As a science historian, he dealt with, among other things, Johann Wolfgang von Goethe , the history of botany and pharmacy.

He also published on the psychology of sadism and masochism (including the section Confessions of Dr. X, which was autobiographical after Thomas Junker ). One motive was the suicide of his mother Julie by drowning in the Isar near Freising in 1919. In the 1920s he was friends with Iwan Bloch .

Paleobotanical and pharmaceutical historical writings (selection)

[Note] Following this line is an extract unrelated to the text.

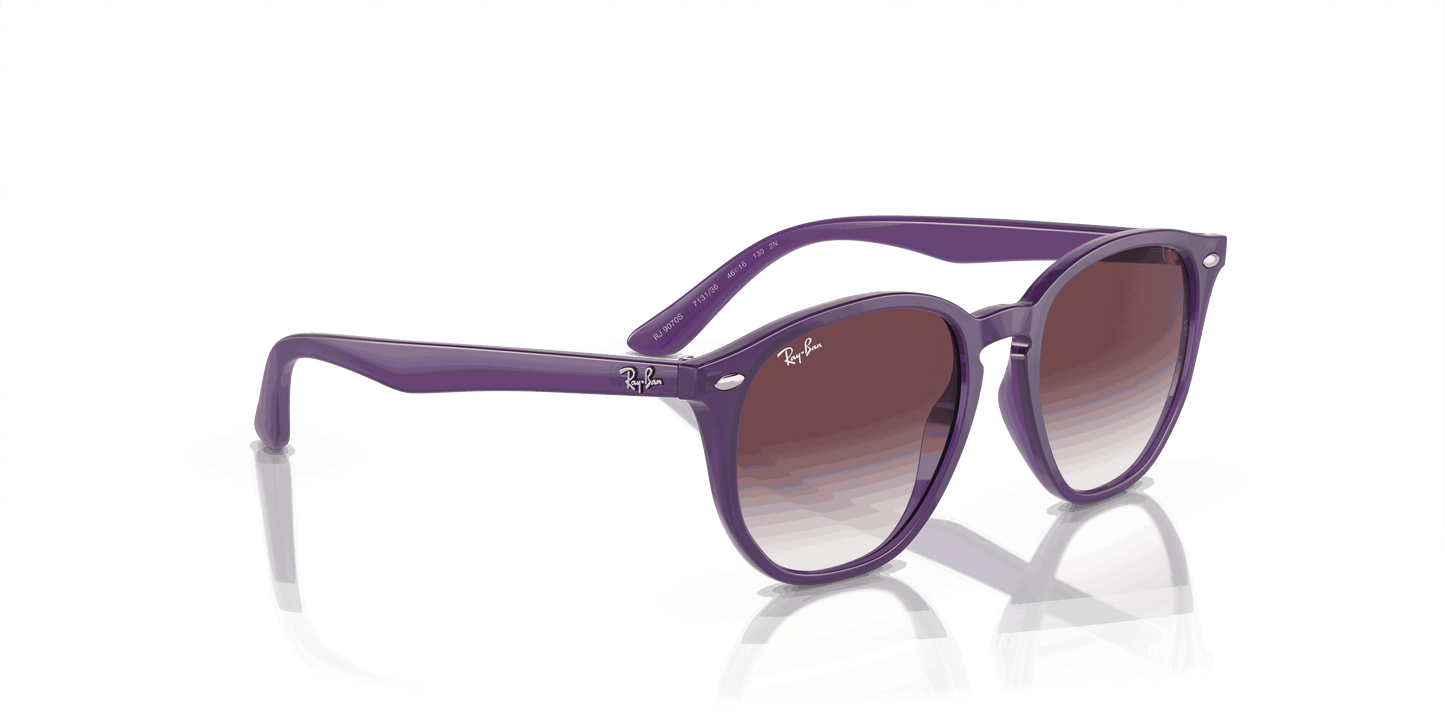 [Grey/Violet Lenses, Polished Opal Violet Frame]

  • Monograph of the fossil flora of the Pithecanthropus strata. In: Treatises of the Royal Bavarian Academy of Sciences, mathematical-physical. Class. 25, 6th treatise, Munich 1911. (Archives)
  • Weltrichia and the Bennettitales. (= Kungl. Svenska Vetenskapsakademiens Handlingar Ny Följd. Volume 46, 11). Uppsala / Stockholm 1911.
  • IV.1. Cycadaceae. In: A. Engler (initial); L. Diels (arr.): The vegetable kingdom. Issue 99, Verlag Wilhelm Engelmann, Leipzig 1932.
  • Secreta Salernitana and Gart der Gesundheit. In: Medieval manuscripts. Ceremony for the 60th birthday of Hermann Degering. Leipzig 1926, pp. 203-237.

literature

  • Thomas Junker , Hannelore Landsberg: The two deaths of a naturalist. Julius Schuster's (1886–1949) path from botany to the history of biology. In: Medical History Journal. International Quarterly Journal for the History of Science, Volume 29, 1994, pp. 149–170. (on-line)
  • Thomas Junker: Julius Schuster and the Berlin Institute for the History of Medicine and Natural Sciences (1930–1945). A forgotten episode in pharmacy historiography. In: History of Pharmacy. 48, 1996, pp. 9-17.
  • Thomas Junker: A forgotten episode in the history of pharmacy: The Berlin Institute for the History of Medicine and Natural Sciences (1930-1945). In: Actes du XXXIIe Congrès d'Histoire de la Pharmacie. Paris, September 25-29, 1995. Societe d'Histoire de la Pharmacie, Paris 1996, pp. 267-268.

Web links

Individual evidence

  1. ^ Annual report from the K. Wilhelms-Gymnasium in Munich 1904/05
  2. Julius Schuster: Weltrichia and the Bennettitales. Habilitation thesis . (= Kgl. Svenska Verenskapsakader ens Handlingar. Volume 46, No. 11). Swedish Akad. Der Wiss., Stockholm / Uppsala 1911.
  3. Julius Schuster: Pain and Sex Drive. Attempt to analyze and theory algolagnia (sadism and masochism). (= Monographs on gynecology and eugenics, sexual biology and genetics. No. 5). Leipzig 1923.